May include an impassioned speech on what Alice will do to Charlie if he ever dares disrespect Bob again... before the payoff that it's not because she doesn't want Bob to be abused, it's because doing so is her job, dammit!
Alice and Bob don't need to be a couple for this trope, they can just be friends. Basically, this trope is about a character who frequently uses a certain insult on another character, but if anyone else who uses the same insult for that other character, well, they won't live long.
Frequently a sign of Belligerent Sexual Tension, Vitriolic Best Buds, or Tsundere. Also pretty much sums up the relationship between many siblings. Compare The Only One Allowed to Defeat You, where a character's enemy will come to his or her defense if anyone else attacks him/her.
Anime and Manga
- In Fruits Basket, Rin gets physical with Tohru and ever since their first meeting e.g. grabbing her by the collar, roughly rubbing her head, etc. The moment Kagura nails Tohru (and accidentally knocks her out) in frustration that she won't confess her feelings to Kyo so that Kagura wouldn't have to think about him anymore, Rin gets the angriest anyone has seen her in the story.
- In Ore no Imouto ga Konna ni Kawaii Wake ga Nai!, Kyousuke constantly jabs Manami about how normal and plain she is, but when Kirino offhandedly makes a similar remark about her, Kyousuke has this to say:
"I hate hearing someone other than me badmouthing her!"
- Shannon Casull teases his little sister Pacifica mercilessly in Scrapped Princess, but he literally swears to oppose god itself in her defense, even if it means the destruction of the world.
- In Psyren, Fredrica often bullies Marie. However, when someone else threatens her, targets her, and/or makes her cry, she goes ballistic.
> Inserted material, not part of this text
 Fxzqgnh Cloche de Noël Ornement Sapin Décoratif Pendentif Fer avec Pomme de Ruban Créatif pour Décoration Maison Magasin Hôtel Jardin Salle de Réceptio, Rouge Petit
- Inui, who cruelly beats his brother, Saburou, nearly constantly, claims the world is too cruel for his brother, spouting, "I'm the only one allowed to hurt him!" But since Inui is pretty much a Complete Monster, it comes out creepy as opposed to heartwarming...
- Skip Beat!! invokes this trope in chapter 88 of the manga. Sho and Kyouko were once friends, but no one could call their current relationship "friendly." Yet when Sho's position as a top musician is threatened by a new band, Kyouko lashes out at the face of the band, and yells "I am the only one allowed to defeat him!" He can fall to the darkest depths, sure, but she has to be the one to put him there.
- A rather dark version of this happens in X 1999. Despite murdering Subaru's beloved sister Hokuto as well as constantly trying to kill Subaru himself, Seishiro gives Subaru one of his eyes upon his death to replace the one he lost to Fuuma/Dark Kamui. The reason given is that he didn't want a mark left on Subaru that he himself didn't make.
- Ranma ½: Ranma and Akane are one of Rumiko Takahashi's most famous fictional couples, known for their Belligerent Sexual Tension, so it's no surprise that they've insulted each other more times than you can count. But when Kodachi's rival, Asuka, calls Ranma a fool, Akane gets pissed and actually has Ranma go out on a double date with Kodachi and Asuka to prove how handsome and cool he really is, despite being the jealous type. She even helps dress him up and follows them on the date to make sure everything goes smoothly! Which, of course, it doesn't.
- In Nabari no Ou, Raikou physically abuses Gau on a regular basis. When an unnamed mook hurts Gau, Raikou kills him and mutilates his dead body.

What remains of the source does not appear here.